Bringing Cutting-edge Neuroscience Research to the Classroom to Improve Public Health

The University of Colorado Boulder is at the forefront of research on the role of healthy lifestyle choices in the prevention and treatment of illnesses related to the brain. Now an interdisciplinary group of researchers and students have put their heads together to create a program that brings neuroscience lessons and demonstrations into local classrooms to empower elementary students to take charge of their mental and physical health.
 
From the impact of exercise on protecting and enhancing brain function to the role of sleep in early childhood development, CU-Boulder research findings underscore the impact of healthy behaviors on the brain.
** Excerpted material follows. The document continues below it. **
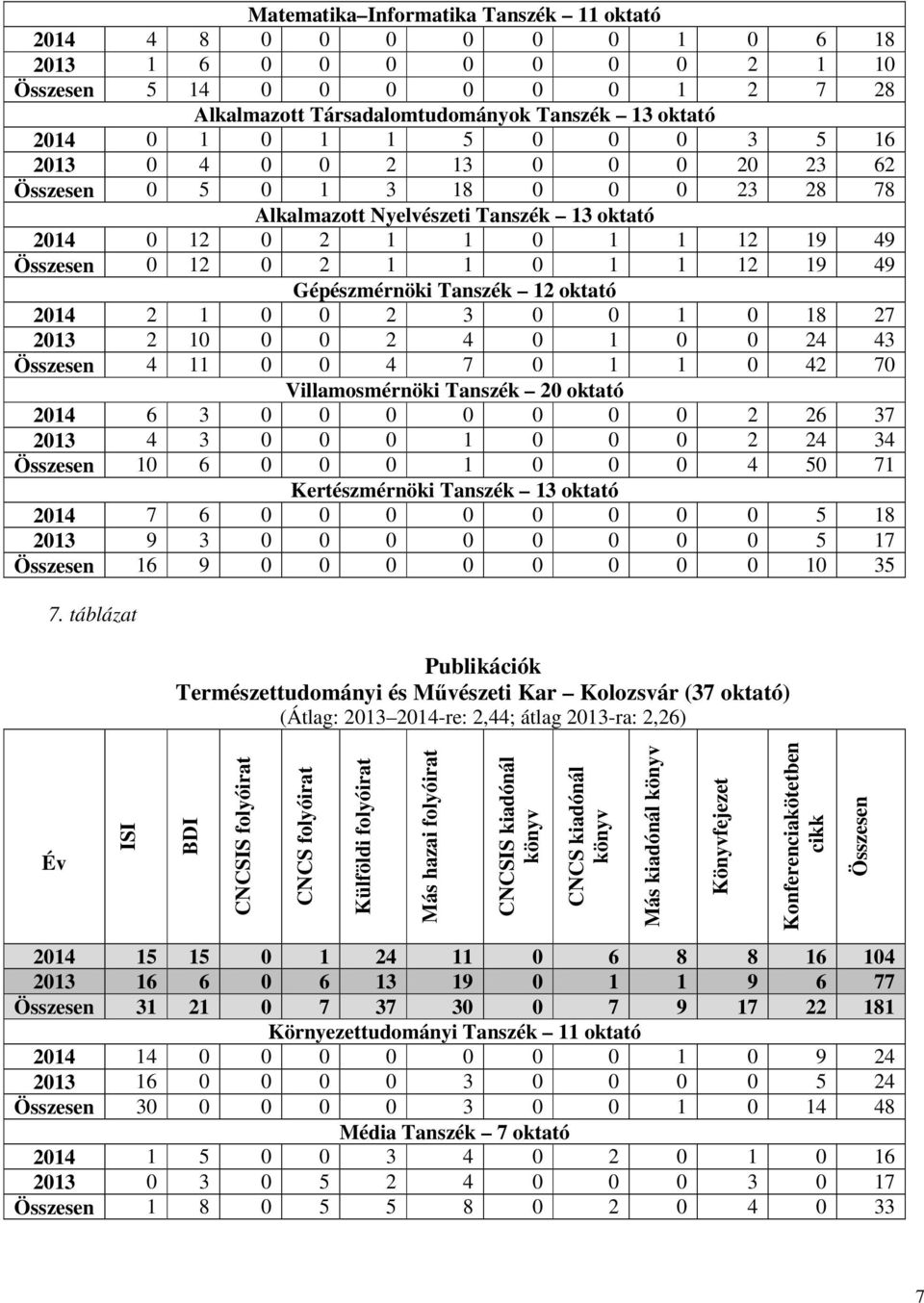 Gépészmérnöki Tanszék 12 oktató 2014 2 1 0 0 2 3 0 0 1 0 18 27 2013 2 10 0 0 2 4 0 1 0 0 24 43 Összesen 4 11 0 0 4 7 0 1 1 0 42 70 Villamosmérnöki Tanszék 20 oktató 2014 6 3 0 0 0 0 0 0 0 2 26 37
The purpose of this program, titled “Bringing Cutting-edge Neuroscience Research to the Classroom to Improve Public Health,” is to pass this research on to the broader community.
 
Launched in 2013, the program sends a team of CU-Boulder undergraduates into area classrooms to teach children and adolescents about the brain through a series of fun and engaging activities and exercises. 
 
The activities build on the research conducted by researchers from the CU-Boulder Intermountain Neuroimaging Consortium. Led by Marie Banich, professor of psychology and neuroscience, and Monique LeBourgeois, assistant professor of integrative physiology, the program draws on diverse expertise from more than a dozen consortium investigators spanning multiple departments and institutes.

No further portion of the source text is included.